Alles unbekannte ist a priori gefährlich, man muß dem Hund Zeit geben, sich damit vertraut zu machen (ne Nacht drüber schlafen) und es ist eminent wichtig, daß die ersten Erfahrungen positiv oder zumindest nicht aversiv sind. Langfristige kleinschrittige Gewöhnung an unangenehme Dinge. Was einmal im falschen Hals gelandet ist, bekommt man nur schwer wieder raus.
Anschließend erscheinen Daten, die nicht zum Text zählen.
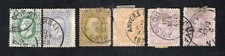 Belgium 1869-80 6 stamps Mi#  used CV=60$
Führerfehler werden mit tagelangem Beleidigtsein quittiert. Hauruck geht gar nicht, Überraschungseffekte noch weniger.
Eine gesunde Vorsicht vor Neuem und Unbekanntem ist schlicht und ergreifend eine Überlebensstrategie, die sich im Tierreich sehr bewährt hat.

Das sind so die Baustellen, mit denen man bei Bracken rechnen muß. Und darum ist es auch wichtig, wenn man die Bracke als Bracke einsetzen möchte, seine Ausbildungsmethoden darauf einzustellen. Insbesondere, was aversive Mittel betrifft oder dem Hund den wenigen vorhandenen Schneid abkauft.
Der einzige Satz, dem man vorbehaltlos zustimmen kann!